When is low back pain not from the back?
Occasionally patients come along complaining of pain in the low back, with seemingly plausible physical examination findings who do not feel the benefit of treatment long term. They feel a couple of day’s relief from their pain which then returns.
Three possible reasons present themselves for this. Firstly their pain is chronic in nature and their muscles, tendons, ligaments and connective tissues have adapted over time to avoid the pain. Such long term discomfort takes time to unravel. Secondly the diagnosis is simply wrong! Thirdly the pain is referred pain, felt in the body away from the cause. The most well known example of this is Sciatica, where the inch thick Sciatic nerve is irritated as it emerges from the spine, where this irritation that is often caused by a combination of compression and inflammation. The nerve relays bogus nerve signals back into the spinal cord and up into the brain. This bad signal makes you feel that you have pain, typically lancing or stabbing in nature down the back of your thigh and lower leg.

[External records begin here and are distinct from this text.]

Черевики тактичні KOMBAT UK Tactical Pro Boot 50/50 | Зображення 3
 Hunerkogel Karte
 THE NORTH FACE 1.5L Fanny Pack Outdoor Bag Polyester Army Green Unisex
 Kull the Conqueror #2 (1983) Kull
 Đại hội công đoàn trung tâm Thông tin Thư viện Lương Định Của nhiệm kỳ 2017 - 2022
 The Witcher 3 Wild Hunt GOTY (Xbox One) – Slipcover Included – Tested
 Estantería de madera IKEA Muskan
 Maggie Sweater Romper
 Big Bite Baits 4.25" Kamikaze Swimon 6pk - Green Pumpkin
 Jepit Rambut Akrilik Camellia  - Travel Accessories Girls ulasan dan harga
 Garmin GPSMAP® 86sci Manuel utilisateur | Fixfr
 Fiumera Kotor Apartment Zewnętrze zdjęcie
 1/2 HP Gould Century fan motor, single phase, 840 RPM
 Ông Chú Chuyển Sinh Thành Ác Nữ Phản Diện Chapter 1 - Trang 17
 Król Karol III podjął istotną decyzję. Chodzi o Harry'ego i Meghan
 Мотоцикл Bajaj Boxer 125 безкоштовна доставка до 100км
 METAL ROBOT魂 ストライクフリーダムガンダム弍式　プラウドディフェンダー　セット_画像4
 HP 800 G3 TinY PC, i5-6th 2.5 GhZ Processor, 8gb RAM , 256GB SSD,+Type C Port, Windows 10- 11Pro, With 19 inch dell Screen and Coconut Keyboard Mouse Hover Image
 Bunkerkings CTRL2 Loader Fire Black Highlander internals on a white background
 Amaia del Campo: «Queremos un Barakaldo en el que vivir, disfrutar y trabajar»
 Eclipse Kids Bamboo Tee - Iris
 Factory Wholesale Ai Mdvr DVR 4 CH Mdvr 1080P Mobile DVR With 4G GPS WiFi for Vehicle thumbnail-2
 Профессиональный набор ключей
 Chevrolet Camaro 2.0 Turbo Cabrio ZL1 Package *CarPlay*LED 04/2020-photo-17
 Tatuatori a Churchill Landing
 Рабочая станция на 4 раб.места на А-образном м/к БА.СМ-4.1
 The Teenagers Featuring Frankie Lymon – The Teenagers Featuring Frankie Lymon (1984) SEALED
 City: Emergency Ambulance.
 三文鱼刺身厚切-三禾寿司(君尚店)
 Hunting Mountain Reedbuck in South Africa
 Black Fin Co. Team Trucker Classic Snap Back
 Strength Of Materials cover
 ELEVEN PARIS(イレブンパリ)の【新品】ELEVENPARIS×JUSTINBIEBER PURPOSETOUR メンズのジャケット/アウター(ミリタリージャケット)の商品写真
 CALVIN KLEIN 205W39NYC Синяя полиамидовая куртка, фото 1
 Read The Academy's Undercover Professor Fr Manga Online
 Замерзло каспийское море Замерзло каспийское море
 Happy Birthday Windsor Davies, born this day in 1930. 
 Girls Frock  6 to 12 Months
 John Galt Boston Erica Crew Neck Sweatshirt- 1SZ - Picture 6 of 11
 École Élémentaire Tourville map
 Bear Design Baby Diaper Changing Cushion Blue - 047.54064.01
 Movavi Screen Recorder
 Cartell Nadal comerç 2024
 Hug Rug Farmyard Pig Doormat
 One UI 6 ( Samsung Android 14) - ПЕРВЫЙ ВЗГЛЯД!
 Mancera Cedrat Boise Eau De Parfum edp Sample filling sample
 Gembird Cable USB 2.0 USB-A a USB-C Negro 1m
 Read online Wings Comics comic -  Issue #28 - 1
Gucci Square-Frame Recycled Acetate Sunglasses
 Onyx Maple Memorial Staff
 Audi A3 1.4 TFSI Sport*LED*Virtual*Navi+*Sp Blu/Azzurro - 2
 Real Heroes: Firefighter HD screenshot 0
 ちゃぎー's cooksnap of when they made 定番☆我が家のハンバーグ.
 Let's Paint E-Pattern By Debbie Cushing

Less known and therefore more difficult to diagnose is visecerosomatic pain, or pain from the organs that are not felt in the abdomen, but rather experienced as pain in the low, mid, upper back pain, shoulder pain, chest or groin pain to name a few. The physiological mechanism whereby pain from one of your kidneys is felt in your lower back has its beginnings when you were an embryo. Then as you grew and developed as an embryo, cells that were embryologically together later took on specialist roles and became separated from each other as they diversified. Now as a fully developed organism if your kidney is damaged, rather than feel the pain in the kidney, which has no pain sensitive nerve cells, you feel the pain into the low back, flank or groin.
How can physical therapists avoid misdiagnosing such referred pain? The correct taking of the case history will supply information about trauma, illness or symptoms of diseased organs. Kidney problems can give pain on urination, nausea, blood in the urine, tiredness and swollen ankles. This process is made further complex when symptoms overlap. Impaired kidney function can allow increased fluid retention and consequentially swollen ankles, that also occurs in right heart failure!